トライベッカ映画祭2016で撮影賞、ローマ国際映画祭2016でアリスインザシティ賞を獲得した「キックス」は、米カリフォルニア州のスラムに住むスニーカー好きの少年ブランドンを中心とする作品。地元のギャングに奪われたナイキ エアジョーダンを取り戻すため、ブランドンが危険な道に足を踏み入れるさまが描かれる。ラッパーのジャキング・ギロリーがブランドンを演じ、クリストファー・ジョーダン・ウォーレス、クリストファー・メイヤー、コフィ・シリボー、マハーシャラ・アリが共演に名を連ねた。
ティッピングは「16歳のとき、新しいナイキを履いてウェストオークランドを歩いていたら襲われたときのことをもとにストーリーを考えたんだ」と制作の発端を明かす。ストーリーについては「感情的な部分はボコボコにされて帰宅したときの気持ちから来ている。完全に気持ちを壊されたと感じた。ボロボロで帰宅した僕に『大丈夫。これでお前も男だ』と兄が言った。なぜだかその瞬間、その通過儀礼を経験できたことがうれしく思えた」と回想し、「だが思い返してみると、男らしさについて我々が持っている考えは間違っていると思う。まったく無意味な暴力を振るわれただけなのに」と考えを語った。
ティッピングが育った米リッチモンドとオークランドでは、レアなスニーカーを履いている人がクールだと見なされるという。ティッピングは「スニーカーを求めた暴動がニュースで流れているのを観るとおかしくなる。リポーターたちはとても高価なハイヒールを履いているのに、『この子たちが300ドルの靴のために争う理由がわからない』と言っている。ルイ・ヴィトンにハマっている人と同じことだと思う。でも争っているのが子供たちで、対象物がバスケットボール選手のスニーカーだから、どうでもいいことだと思われてしまう」とコメント。「僕らにとっては大したことではなくても、周りに溶け込めない10代の少年にとっては重大なことがある。それらに直面したときに、対処法がわからないことは多々あるんだ」と続けた。

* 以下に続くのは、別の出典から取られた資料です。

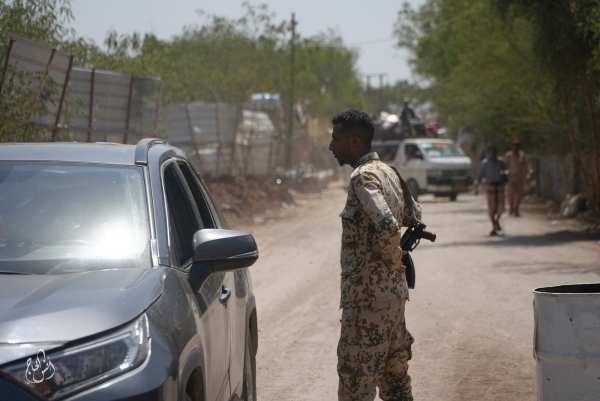 محور تعز يتهم الحوثيين بخرق اتفاق فتح طريق جولة "القصر – الحوبان"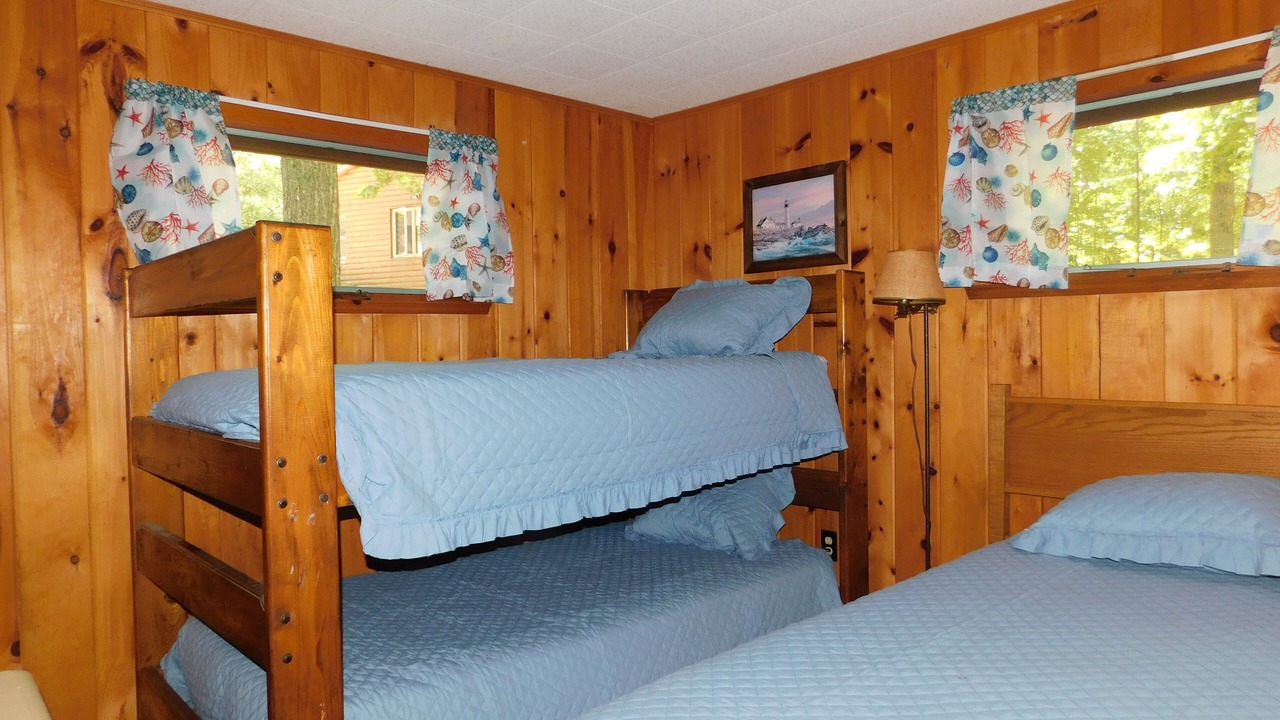Photo of Bedroom in Raymond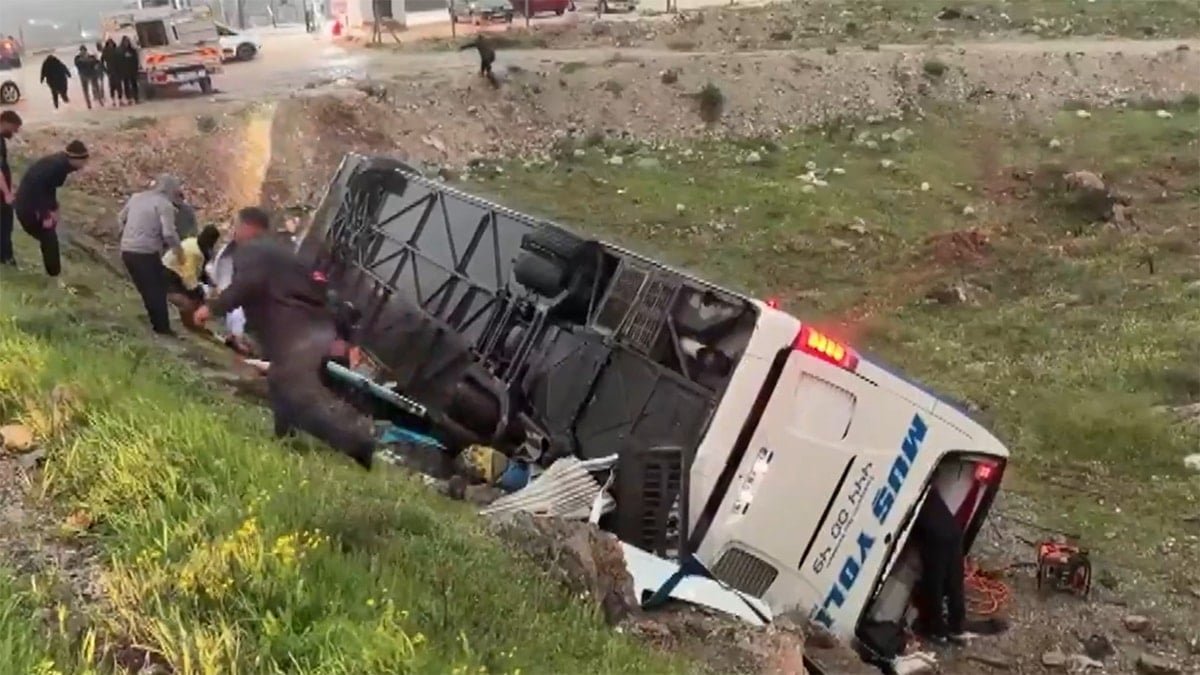Malatya'da yolcu otobüsü devrildi! Ölü ve çok sayıda yaralı var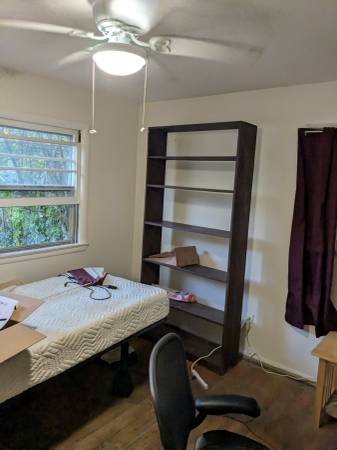 $650 / 130ft2 - furnished bdrm for male (West Falls Church Metro)64040025842689120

劇中ではブランドンの前に宇宙飛行士がたびたび登場する。冒険する少年に視覚的メタファーを与えたかったと話すティッピングは「マジックリアリズムが好きなんだ。突然スローモーションになったり。いろんな監督に影響されたよ。『オールド・ボーイ』『預言者』などの映画が大好きだ」と明かした。
「キックス」は12月1日より、東京・シネクイントほか全国で順次ロードショー。